Os problemas da política são traduzidos, deslocados e selecionados para dentro do sistema jurídico com critérios específicos do sistema. Isso significa que, enquanto a política opera num quadro de complexidade quase indeterminada, o direito atua num contexto de complexidade já reduzida e determinada por limites estruturais mais rigorosos (CAMPILONGO (b), 2011).
3 Análise da decisão do Supremo Tribunal Federal
O caso em questão, na realidade, os casos em questão tratavam de uma Ação Direta de Inconstitucionalidade por Omissão (ADO) 26 e um Mandado de Injunção (MI) 4733.[3]
Antes, contudo, salientamos que a ADO 26, cuja relatoria ficou a cargo do Ministro Celso de Mello, foi proposta pelo Partido Popular Socialista em face do Congresso Nacional, com a seguinte finalidade “obter a criminalização específica de todas as formas de homofobia e transfobia, especialmente (mas não exclusivamente) das ofensas (individuais e coletivas), dos homicídios, das agressões e discriminações motivadas pela orientação sexual e/ou identidade de gênero, real ou suposta, da vítima”.

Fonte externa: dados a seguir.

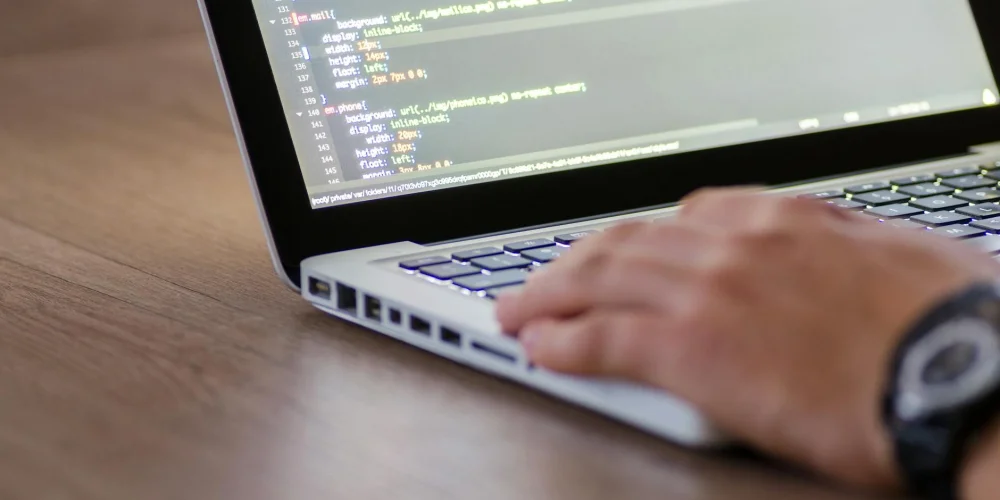 EFI Kilidi ve Firmware Şifrelerinin Kaldırılması: SPI ROM Programlama ve ME Bölgesi Temizliği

Em apertada síntese, o autor da ação, Partido Popular Socialista (PPS), alegava a existência de mandamento constitucional de legislar criminalmente, o que obrigaria o legislador a criminalizar a homofobia e a transfobia. Há outros tantos argumentos, mas o que destacamos é que o partido alegou que o Congresso Nacional se recusava até mesmo a votar o projeto de lei que visa efetivar tal criminalização. Portanto, diante dos argumentos apresentados, ainda analisando a ADO, a discussão pairava sobre saber se haveria ou não mora inconstitucional do Congresso Nacional na criminalização específica das figuras apontadas, bem como instaurou-se a discussão sobre a possibilidade de aplicação subsidiária da lei que define os crimes resultantes de preconceito de raça ou de cor para a criminalização da homofobia e transfobia e, ainda, se está caracterizado o dever estatal de indenizar as vítimas de todas as formas das discriminações citadasenquanto tais condutas não forem criminalizadas.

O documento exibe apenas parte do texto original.